- Location: Geldermalsen, Netherlands
- Date: 16 December 2015
- Attack type: Rioting
- Weapons: Stones, fireworks, bottles
- Injured: 3+
- Perpetrators: 14 arrested
- No. of participants: 2,000 local protesters
- Defenders: Geldermalsen police

= 2015 Geldermalsen riot =

The 2015 Geldermalsen riot was a riot on December 16, 2015 in the Dutch town of Geldermalsen. It started out as a protest against plans to build a new housing complex for 1,500 asylum seekers.

==Riots==
On 16 December 2015, the Geldermalsen city council met to discuss whether to build new accommodation for refugees who had arrived during the 2015 refugee crisis. Around 2,000 locals in Geldermalsen came to the meeting to protest, which escalated into a riot. The protesters attempted to storm the town hall, throwing beer bottles, fireworks and stones while city leaders discussed the plans inside.
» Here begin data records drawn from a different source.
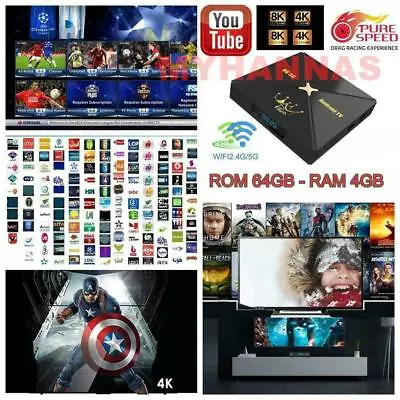 8K Arabic English Turkish Africa WI-FI Android 10 Sports TV BOX HD Moive 4/64GB • $159.99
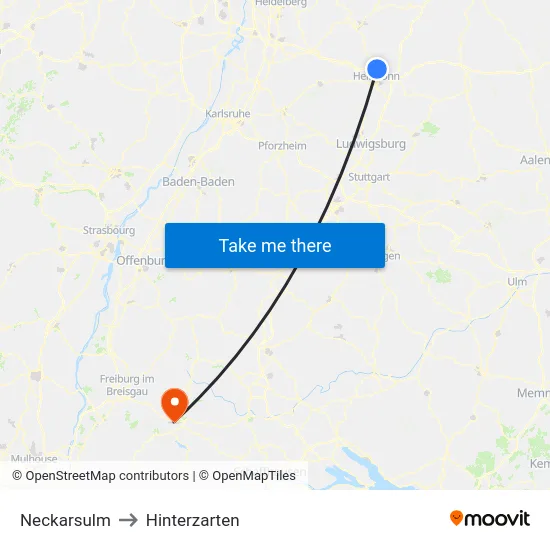 Neckarsulm to Hinterzarten map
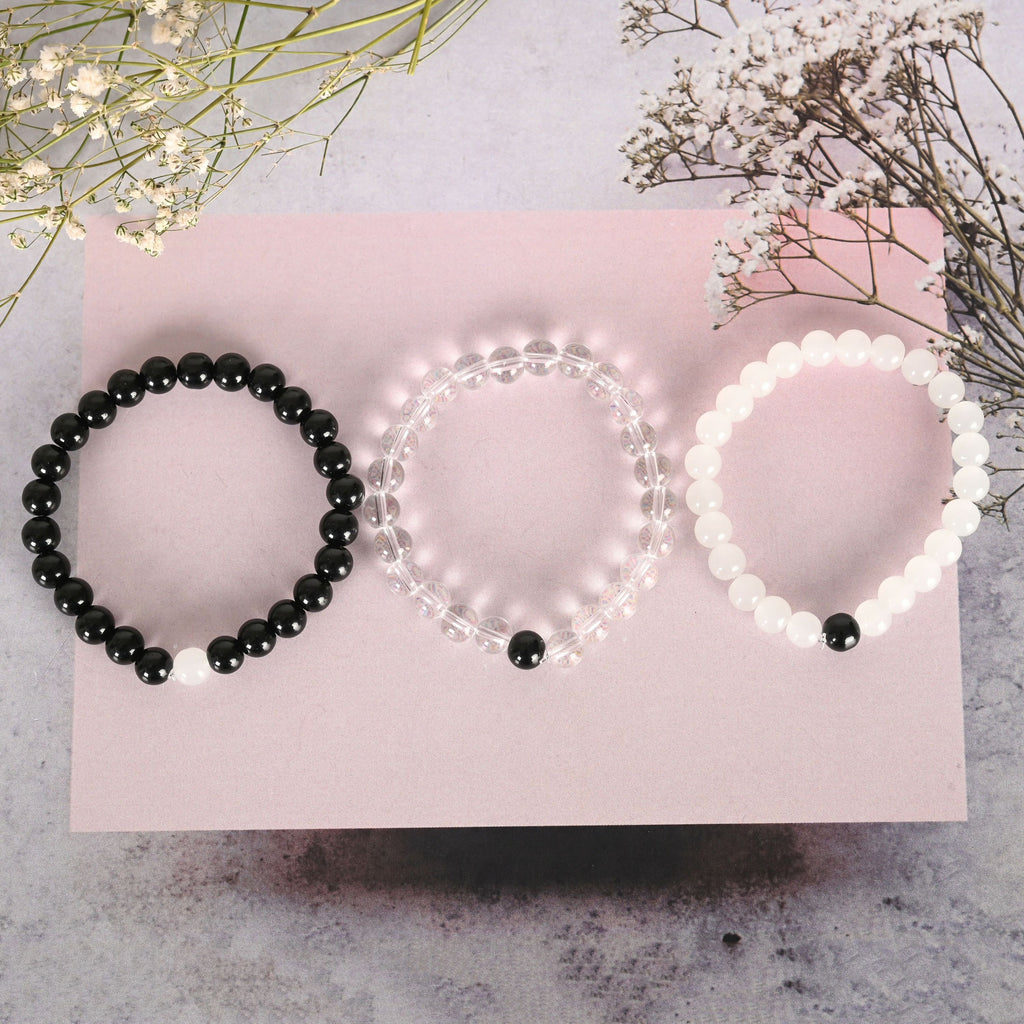 NVR Men & Women Transparent & White & Black Marbel Crystal Elasticated Bracelet | Grab2Buy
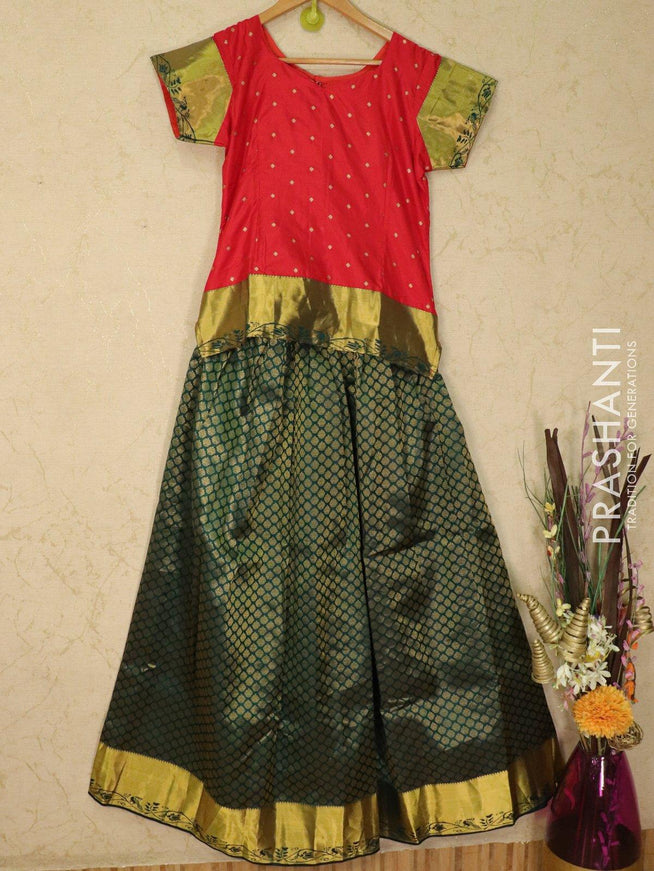 Silk kids lehanga red and peacock green with allover self emboss and zari woven border for 15 years - {{ collection.title }} by Prashanti Sarees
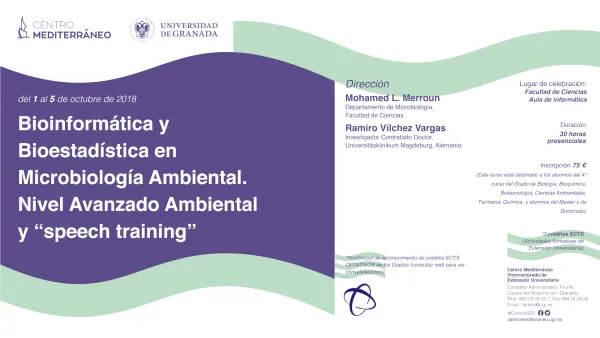 Bioinformática y Bioestadística en Microbiología Ambiental. Nivel Avanzado Ambiental y “speech training”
Several protesters, two police officers and a businesswoman inside the city hall suffered injuries during the riot.

==Aftermath==
The Dutch Secretary for Security and Justice, Klaas Dijkhoff, condemned the rioting, saying, "finding shelter for asylum seekers poses difficult questions but there is a limit when it comes to expressing your opinion. The line is crossed when you barge in yelling and rioting."

The city later cancelled the planned housing complex, admitting that the plans had been made too quickly and without enough consultation with locals.